The Yanai Initiative for Globalizing Japanese Humanities works to realize a sustainable, equitable, globally interconnected future for the Japanese humanities.
The Yanai Initiative for Globalizing Japanese Humanities—ever since it was first established in 2014 as a collaborative project of UCLA and Waseda University in Tokyo—has been working to realize a sustainable, equitable, globally interconnected future for the Japanese humanities.
As the steady decline of Japan’s population leads Japanese universities to welcome more students from abroad, humanities programs that have long played an essential role in the intergenerational transmission of specialized knowledge of Japan’s past have become small epicenters of globalization. Undergraduates from around the world show up on campuses across Japan eager to learn about Japanese literature, theater, film, art, and popular culture, but often without the basic linguistic skills they need to engage with materials in Japanese. So their universities create classes in English. Whole new departments are founded, staffed by professors capable of teaching nuanced, sophisticated classes in the increasingly ubiquitous global vernacular of English.
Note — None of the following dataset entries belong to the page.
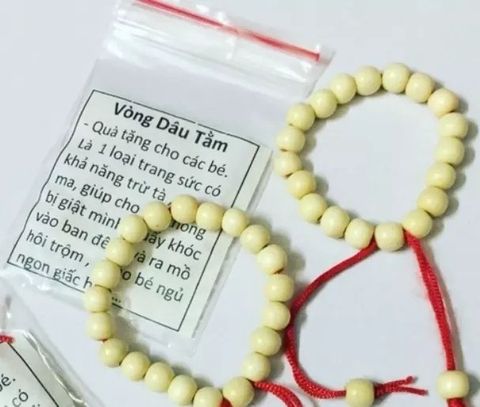 Vòng dâu tằm cặp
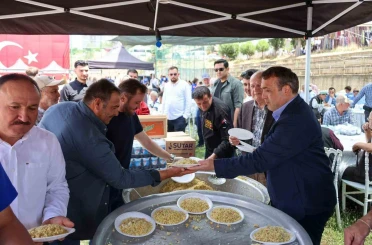 Vali Sözer Hıdırellez şenliklerinde vatandaşlarla buluştu 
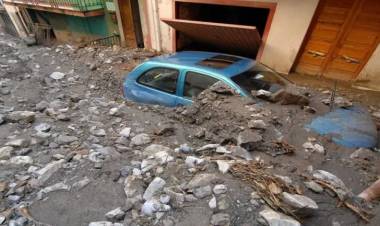 Graves inundaciones en la isla italiana de Sicilia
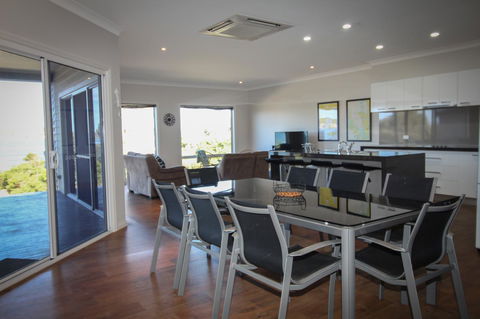 Waterfront On Osprey - ACT Tourism 4
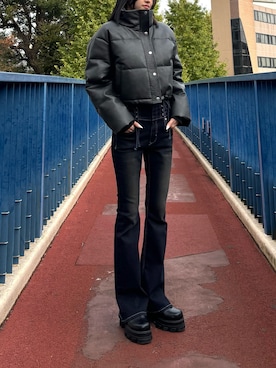 「EMODA（エモダ）のアイテム（ダウンジャケット/コート）」を使った、佐藤百華さん（レディース・165cm）の冬コーディネート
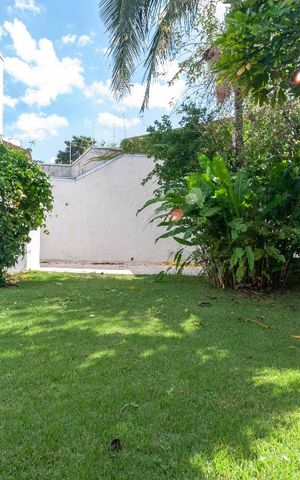 Casa à venda com 300m², 4 quartos e 3 vagas Casa à venda com 300m², 4 quartos e 3 vagasQuintal
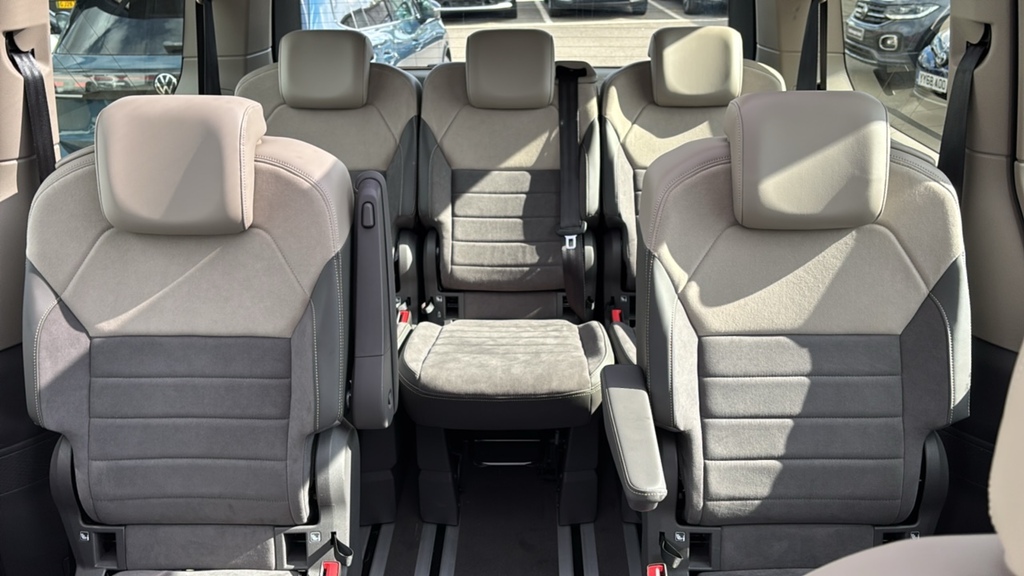 Volkswagen Multivan Life Grey #25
The Yanai Initiative was born of a concern about certain negative long-term effects this situation might have, and of an eagerness to build on the exciting potentials it holds out. If there is a risk that the value of knowledge and know-how accumulated over the course of generations within the Japanese academy may, little by little, be overshadowed in Japanese universities by other values, then let’s try to broaden the audience. Create more opportunities for scholars accustomed to working within relatively narrow lineages of transmission to share what they know with wider, more diverse groups of colleagues and students—and, at the same time, to learn a bit about modes of scholarship in other parts of the world. Counter one kind of globalization with another.
This is the core impulse that animates the Yanai Initiative’s activities. And while initially our efforts were directed primarily at academic programming and projects, over the years we have widened our focus to include not just research, but also the doing of culture—creating projects and programming intended for members of the general public.